Although it's more challenging
to install headrest speakers in the '95M (or any other car with headrests on
sliding adjustable posts), it can be done. Fortunately, the '95M comes
with the wiring harness under the seat. Unfortunately, the process requires
a little bravery and a fair amount of care. Headrest foam, once cut, can't
be put back, and if you rip the seat or headrest leather, you'll be scouring
the recycling yards for replacements.
For best results when using
a Miata OEM radio, I cannot recommend strongly enough getting Jeff Anderson's
fixes. Without it, any headrest speaker system you install with an OEM
radio will sound washed out and muddy, almost to the point of inaudibility.
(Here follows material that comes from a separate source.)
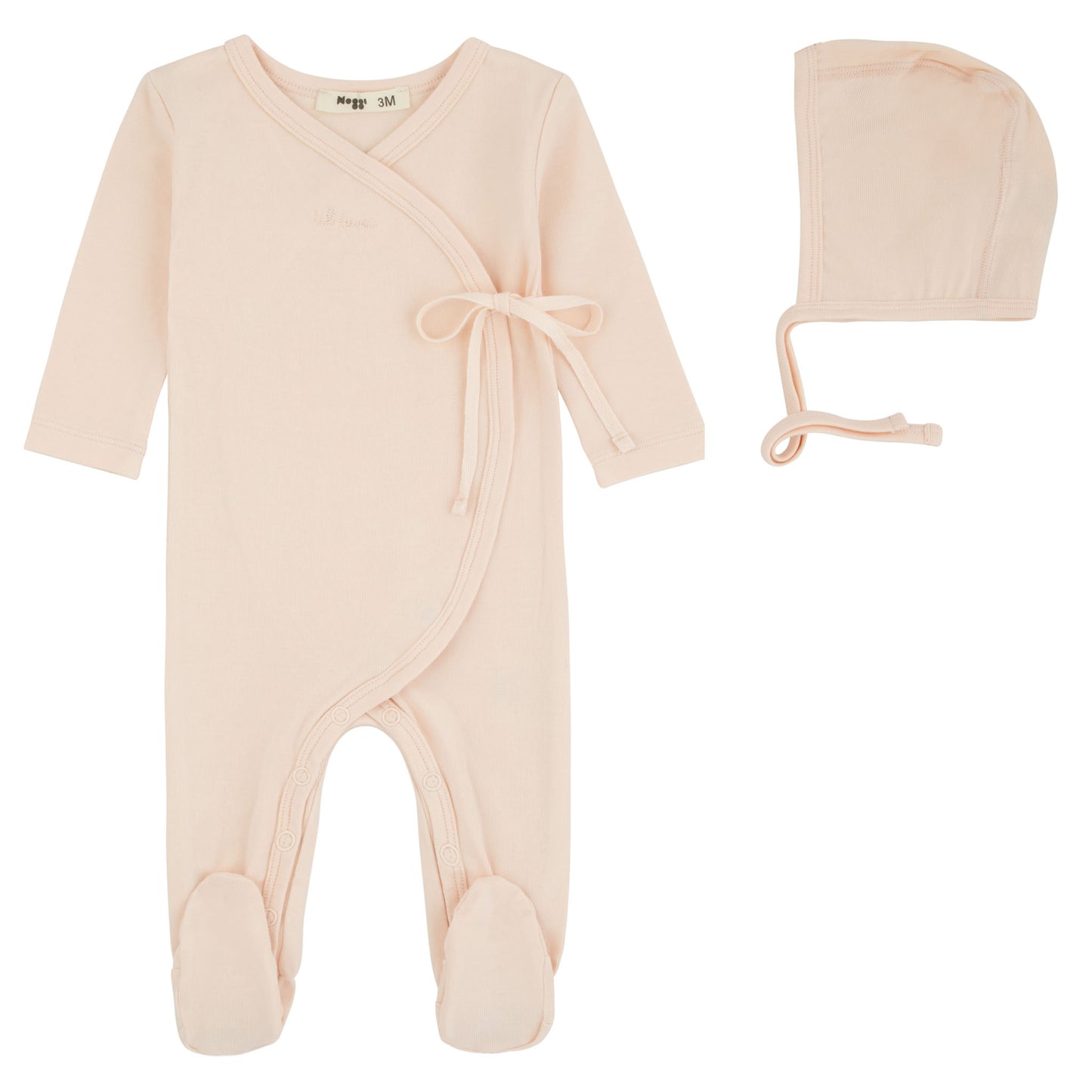 Lil Love Embroidered Wrap Footie And Bonnet, Pink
Additionally, the MAX-5 headrest
speakers sold by Performance Buyer's Club have unusually powerful speaker power,
and as such you won't have to worry about punching holes in the headrest leather.
In other words, trust me -- you'll hear them just fine, I can speak from personal
experience on this.
· Set of headrest speakers (MAX-5s recommended)
· Wiring harness (the ones sold by Performance Buyer's Club are recommended, as they sell them wired correctly for each Miata model year's mistakes in OEM connector wiring)
· Flat-bladed screwdriver (mainly for prying)
· Philips-head screwdriver (medium size)
· An Exacto knife, box-cutter, or similar razor-bladed cutting instrument
· Needle-nose or similar pliers
· 3 foot length of stiff wire (coathanger or vinyl-coated)
· The original connectors under the seats for the speaker connections (white connectors on a standard OEM wiring harness); you might have to fish around under there to find them.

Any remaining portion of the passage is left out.